Treize au barrage, mais une seule fusée
À Lanaken, le dimanche des sept ans ressemble toujours un peu à une vente aux enchères sans marteau. Tout le monde regarde. Cavaliers, éleveurs, propriétaires, marchands. Un cheval peut entrer sur la piste avec un joli pedigree et en ressortir quelques minutes plus tard avec une médaille mondiale autour du cou et quelques zéros supplémentaires dans l’imaginaire collectif.
Cette année, ils étaient 41 à avoir gagné leur ticket pour la finale. Bernard Mathy avait posé les barres à 1,45 m et suffisamment compliqué l’affaire pour effectuer le tri. De l’avis de beaucoup, on n’était pas loin d’un GP 2*. Treize couples seulement allaient signer le sans-faute synonyme de barrage. Quelques autres ont vu leur rêve de médaille s’écraser sur l’ultime obstacle. Cruel, mais Lanaken n’a jamais prétendu être une colonie de vacances.

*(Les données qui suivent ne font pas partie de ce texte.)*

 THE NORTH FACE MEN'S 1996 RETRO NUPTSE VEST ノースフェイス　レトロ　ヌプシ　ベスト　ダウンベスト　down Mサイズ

Puis est arrivée Elotte Z.

Sept ans, Zangersheide, fille d’Eldorado van de Zeshoek et d’une mère par Larino, née chez Stal Everse, également propriétaire de la jument.
Et surtout : vite. Très vite.
Avec Roosje Brouwer, le plan n’avait rien d’un traité de stratégie militaire.
« Le plan était assez clair : j’essayais de gagner. »
Voilà. En même temps elle nous aurait dit qu’elle avait juste boucler son tour sans ambition spéciale qu’on ne l’aurait pas cru.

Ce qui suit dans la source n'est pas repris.